If you take it slow, kissing and hand holding will come over time when you are comfortable with this.

Figure that you will meet several women before you find one that you really click with.

About who pays… if you invite you pay. If she invites she pays. After the first couple of coffe dates, which you pay for, you can bring this up and discuss it … make a light hearted statement that you have been out of circulation for a while and ask her how it works… suggest that the one who invites is the one who pays.

Personally, I would not go out with a guy who expects that every date will be dutch… I like to be treated on a date. Then when I ask him out I get a kick out of treating my date to something special.


----------



## cloudwithleggs

You sound like you need time, i know the feeling, i need that too.

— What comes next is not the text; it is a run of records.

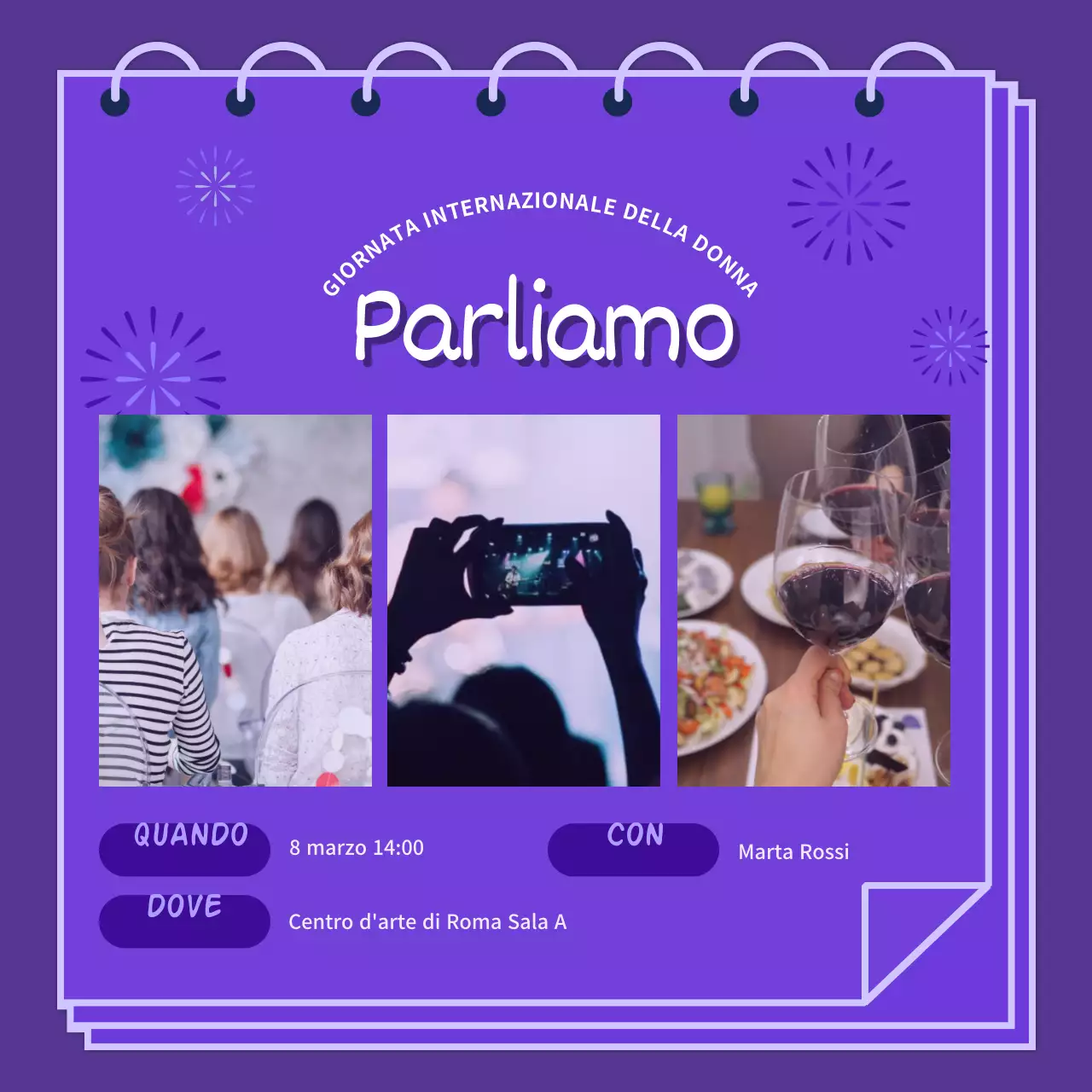 Illustrazione viola di donne di diverse razze per promuovere la Giornata internazionale della donna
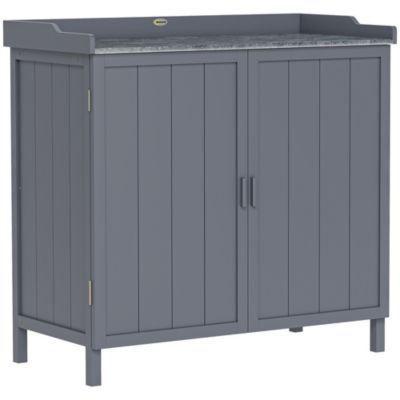Armoire de rangement de jardin sur pied table de rempotage 2 en 1 double porte avec étagère bois sapin gris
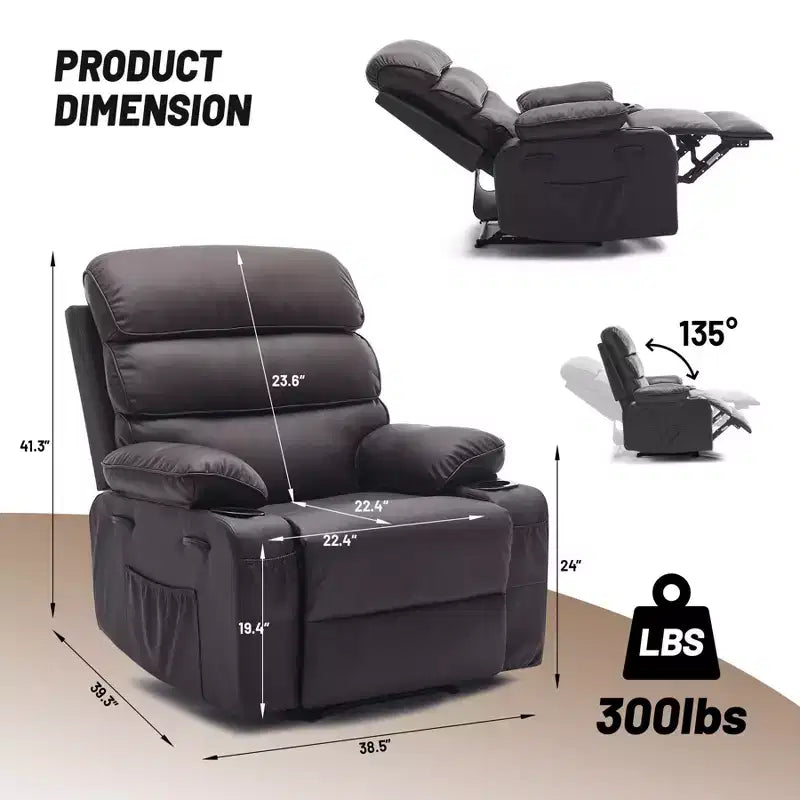 Poltrona reclinabile extra large in pelle PU per adulti con massaggio e calore, portabicchieri, tasche laterali, comfort lussuoso per soggiorno e camera da letto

I am totally happy making a friendship but not meeting yet.

I've pulled all pics of myself off the dating sites i was on and i don't even visit them now.

There is one guy that text's me, but it had already gone sexual and to me it feels wrong because it started on the wrong footing. That and i'm not sure what we have in common, he is not into gaming, i have this feeling he just wants sex, i am going to talk with him this weekend.

I have a high sex drive, so it is tempting to jump straight in, but emotionally i am not ready.

I think i'd be happier with someone that had never seen me before, so no pre conceived ideas and nothing sexual. 

but to find men that just want friendship is nigh on impossible, so diablo 3 is my friend  i'm a barb :smthumbup:

I am british i don't think we are reserved, well the guy texting me is defiantly not reserved and he is british also.


----------



## geek down

cloudwithleggs said:


> but to find men that just want friendship is nigh on impossible, so diablo 3 is my friend  i'm a barb :smthumbup:
> 
> I am british i don't think we are reserved, well the guy texting me is defiantly not reserved and he is british also.


Assassin or Rogue for the win babe!!!


----------



## rumple9

I'm playing Diablo3 too lol its crap


----------